The second tool is OpenBSD's unveil(2), which limits access to the file-system. This protects against rogue attempts to "break out" of the destination. It's an attractive alternative to chroot(2) because it doesn't require root permissions to execute.

On the receiver side, the file-system is unveil(2)ed at and beneath the destination directory. After the creation of the destination directory, only targets within that directory may be accessed or modified.

Lastly, the MD4 hashs are seeded with arc4random(3) instead of with time(3). (This function is provided on a number of operating systems.) This is only applicable when running openrsync in server mode, as the server generates the seed.

Portability

Many have asked about portability.

The only officially-supported operating system is OpenBSD, as this has considerable security features. openrsync does, however, use oconfigure for compilation on non-OpenBSD systems. This is to encourage porting.

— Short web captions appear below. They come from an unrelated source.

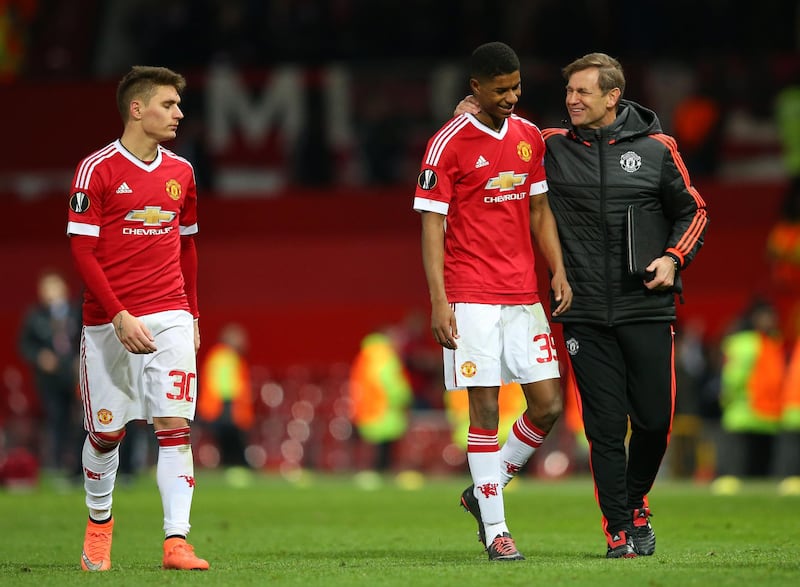 MANCHESTER, ENGLAND - FEBRUARY 25:  Marcus Rashford (C) of Manchester United is congratulated by goalkeeping coach Frans Hoek (R) after the UEFA Europa League Round of 32 second leg match between Manchester United and FC Midtjylland at Old Trafford on February 25, 2016 in Manchester, United Kingdom.  (Photo by Alex Livesey/Getty Images)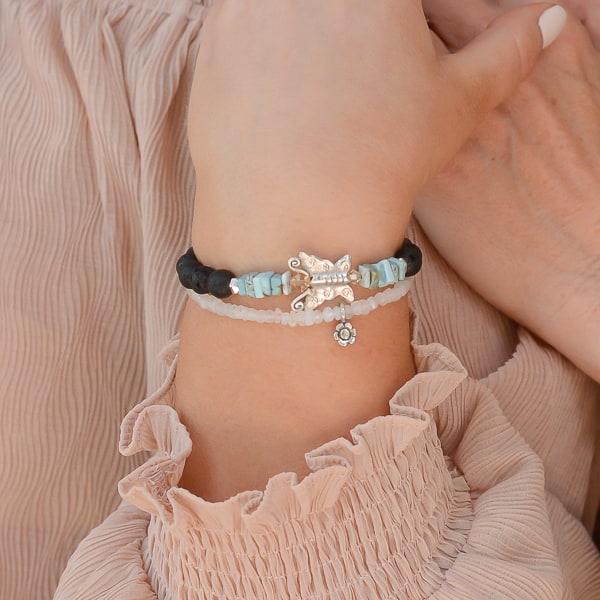 Butterfly Bliss Larimar Bracelet worn with the Moonstone and Flower Charm Bracelet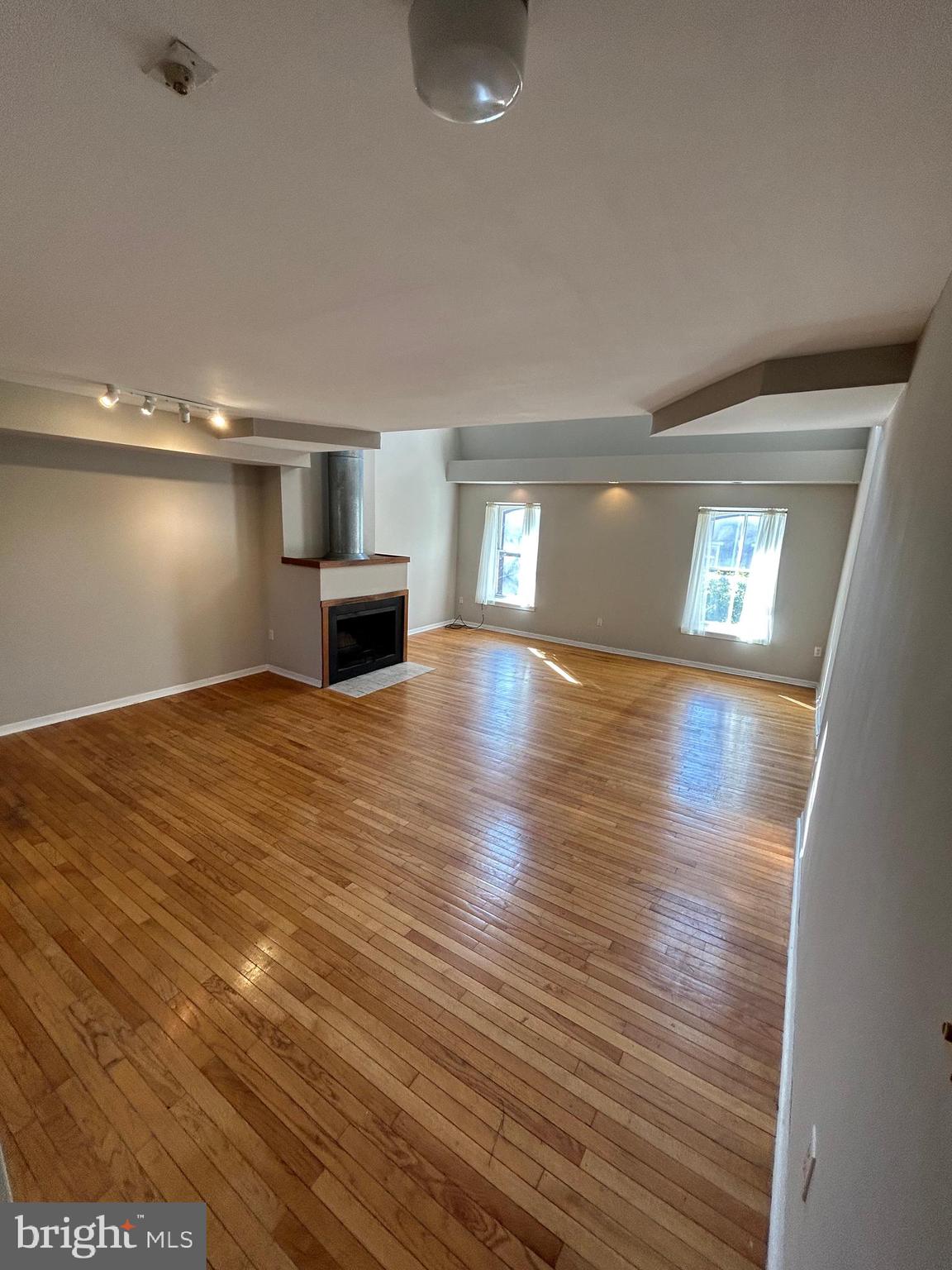 937 Spruce Street Philadelphia, PA 19107 - Photo 66 of 80 an empty room with wooden floor and windows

The actual work of porting is matching the security features provided by OpenBSD's pledge(2) and unveil(2). These are critical elements to the functionality of the system. Without them, your system accepts arbitrary data from the public network.

This is possible (I think?) with FreeBSD's Capsicum, but Linux's security facilities are a mess, and will take an expert hand to properly secure.

rsync has specific running modes for the super-user. It also pumps arbitrary data from the network onto your file-system. openrsync is about 10 000 lines of C code: do you trust me not to make mistakes?